Get Away From The Sinners Prayer

Aug 26, 2014 | Written by Tommy Waltz

If you sincerely prayed this prayer, you are born again. This is the phrase I have read on many Gospel tracts. This is the dilemma that that statement should raise- How do I know I was sincere in the prayer?

This statement puts the emphasis on the prayer being the magic wand of salvation, and the ambiguity of our sincerity becomes the assurance. I have met young people and old people alike who have been duped into believing praying a prayer is what saves you. This is an error that has infiltrated not the enemy ranks of the world but the base camp of many solid denominations. This mindset is leaving in its wake a spiritual epidemic. I have talked with people who said they have prayed to receive Jesus in their hearts hundreds of times and still have no assurance. Why don’t they have assurance? The prayer is not designed to give them assurance. Well, then what is it that gives a follower of Jesus assurance that they are right with God? Keep reading. I want to do two things with this article. First, I want to show what the above phrase produces. Second, I want to give three biblical assurances that show someone they are born again.

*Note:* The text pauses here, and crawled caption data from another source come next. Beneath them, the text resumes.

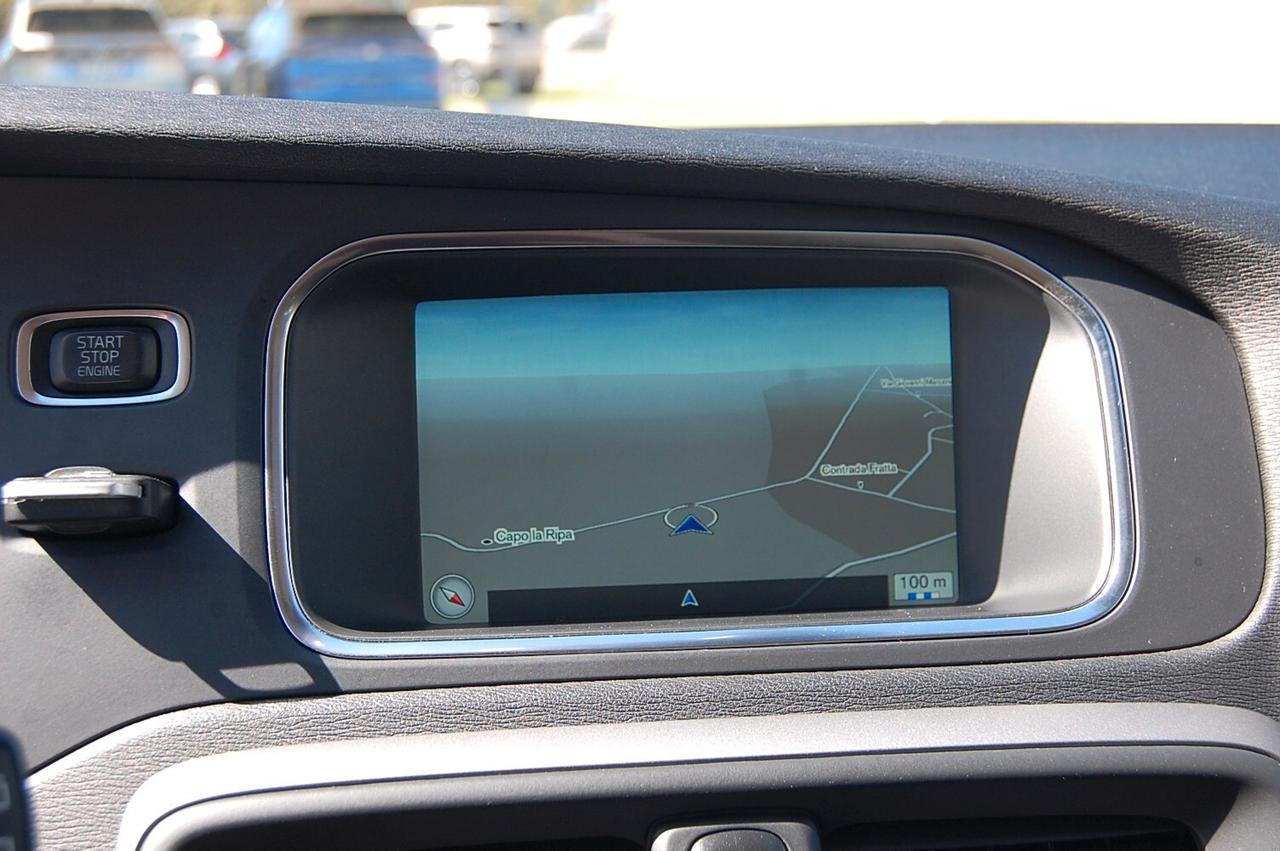 Volvo V40 Cross Country D4 Kinetic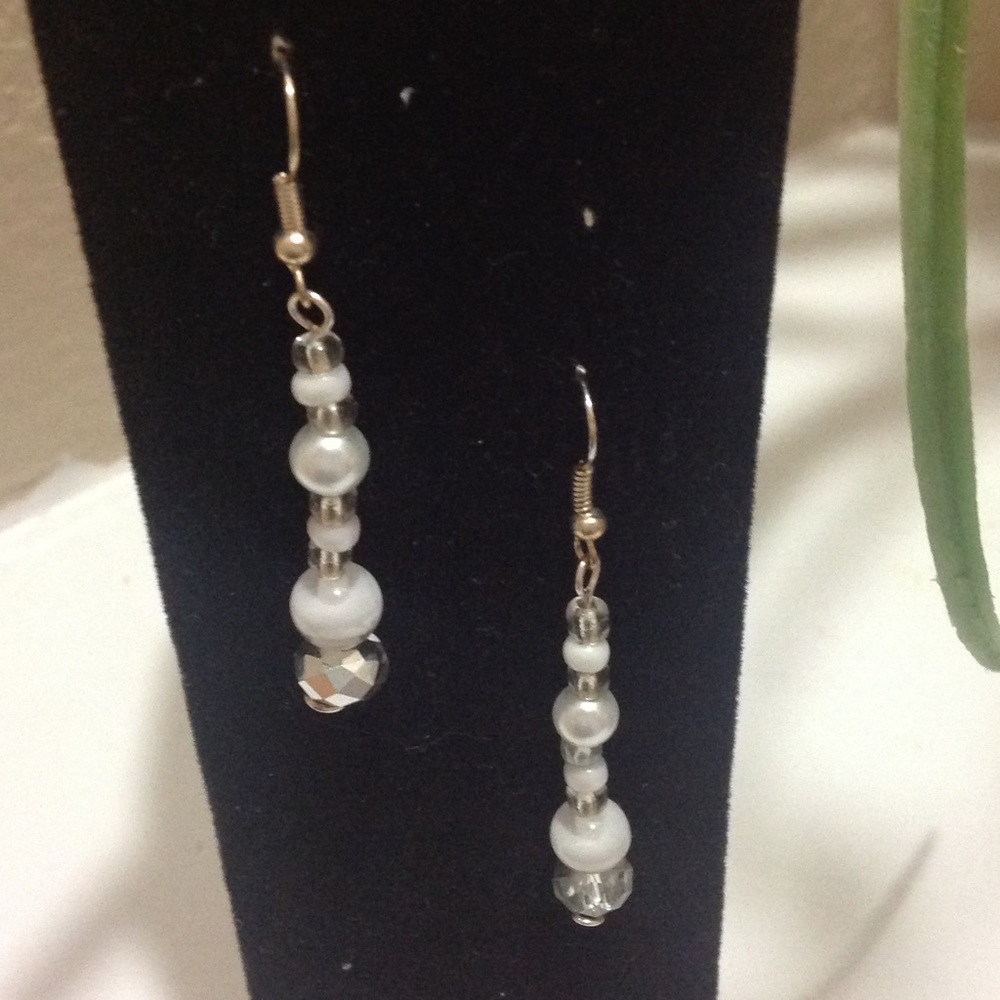 Beautiful Bridal Earrings NWOT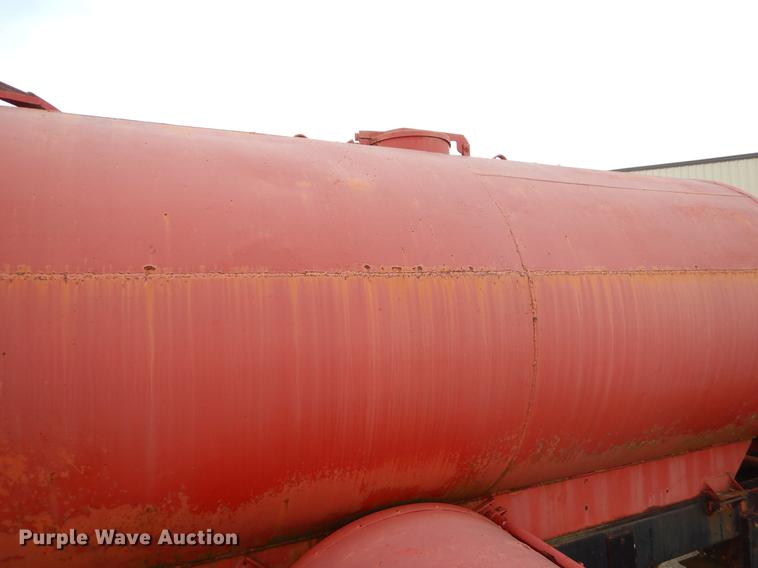 image for item ER9340 1972 Ford tank truck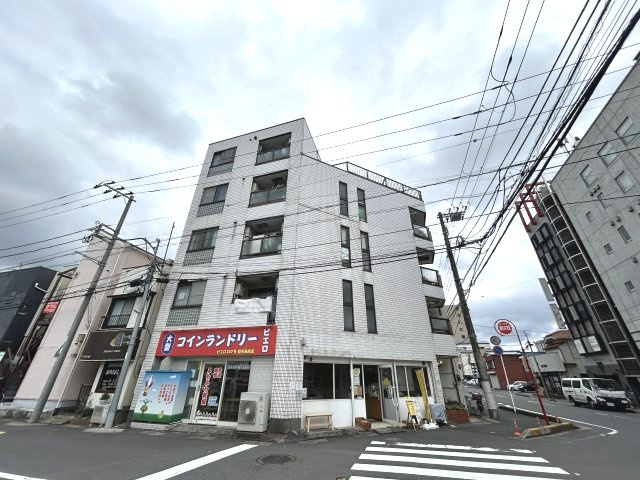鉄骨造のマンションです。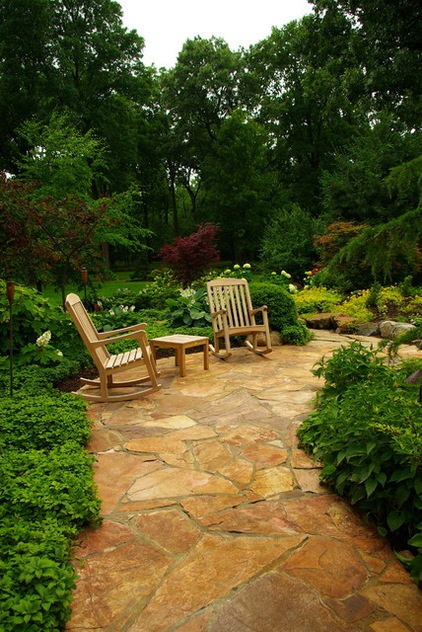 traditional patio by Smalls Landscaping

I think I Sincerely Prayed?

This mindset swiftly moves the person from repentance and faith to the sincerity of the prayer coming from their heart. Nowhere in the bible does it say that if we are sincere and ask Jesus into our heart, he will come in. What does the bible tell us about our hearts? They are deceitfully wicked. (Jeremiah 17:9) It is where all the foolishness of children is found. (Proverbs 22:15) The heart is seen as the overflow of who we are, and we are sinful, rebellious people. (Luke 6:45)

1. False Assurance
What does false assurance look like? I am going to set up a pretend scenario. Let’s say we go to the latest and hippest Christian concert out there. At the end of the show, they present a Gospel that asks people to come forward and pray a prayer. A few hundred people come forward, and they ask all the people to repeat a prayer, and they declare them all saved. How does this give someone false assurance? Tim, one of the people who prayed, leaves the concert and nothing in his life is different. He continues to live and act just like the rest of his godless friends. Tim grew up in church and sees the importance of religion but loves his sinful lifestyle. People ask him if he has sincerely prayed to receive Jesus into his heart. He says that he has and is reassured by so called Christians that he is born again. However, his conscience continues to prick him, although, he has some level of assurance.

2. Perpetual Need for Assurance
This causes Tim to have a consistent need for assurance. What does this look like? Every time Tim goes to a church meeting and the pastor asks people to raise their hands if they want to receive Jesus in their heart, Tim is one of the many who raises his hand. He has done this countless times looking for assurance that will never come. Why? He and countless others are looking for assurance in the wrong place. They are looking for assurance to come from a prayer. Hence, the reason they pray time and time again.

3. A Weak Ministry of Evangelism
This makes for a cycle of weak Gospel presentations that don’t advance the kingdom of God, but, in all actuality, feed the ego of man. They have a weak foundation on what the Gospel is and how someone is genuinely saved. They go out and get people to repeat a prayer and brag about the amount of people that came to know Jesus through them. I have heard people say in a city of 30,000 people that 2,000 people got saved in a weekend. If this were the case, the city would be thrown into revival because of the 2,000 plus in the city sharing the Gospel of Jesus. How did they determine that these 2,000 people really are Christians? The sincerity of their prayer! This is not biblical, and this error produces false assurance, a perpetual need for assurance, and a weak ministry of evangelism. True conversion has been forsaken for the desire for numbers.